2. Owen Flanagan, The Really Hard Problem: Meaning in a Material World. An analytic philosopher looks at the issue of the purpose of life, in the light of contemporary science and eastern and western wisdom traditions.
3. Clark Ashton Smith, A Vintage from Atlantis. This is volume 3 of the collected fantasies of Clark Ashton Smith. Smith was a writer for the pulps in the 1930s, whose poetic prose and lush imagery had a big influence on other writers of horror, fantasy, and science fiction (including H. P. Lovecraft and Jack Vance).
4. Robert E. Howard, The Coming of Conan the Cimmerian. Along with Clark Ashton Smith and H. P. Lovecraft, Robert E. Howard is one of the three most influential writers from the pulp magazines of the 1920s and 30s. Howard's writing is vivid and visceral, and his brooding hero is more than just the muscle-bound oaf in sandles of later pastiche, film, and television.

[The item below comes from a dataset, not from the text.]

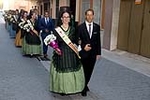 Els nulers veneren a la seua patrona, la Mare de Déu de la Soledat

5. Chris Wickham, The Inheritance of Rome: Illuminating the Dark Ages 400-1000. Wickham shows the continuity and contrasts between the late Roman empire and the early Dark Ages. He helps clarify the nature of the transformation of Western Europe after the gradual collapse of Roman rule there, working extensively with both the archaeological and textual sources, and even-handedly evaluating the theories of other historians.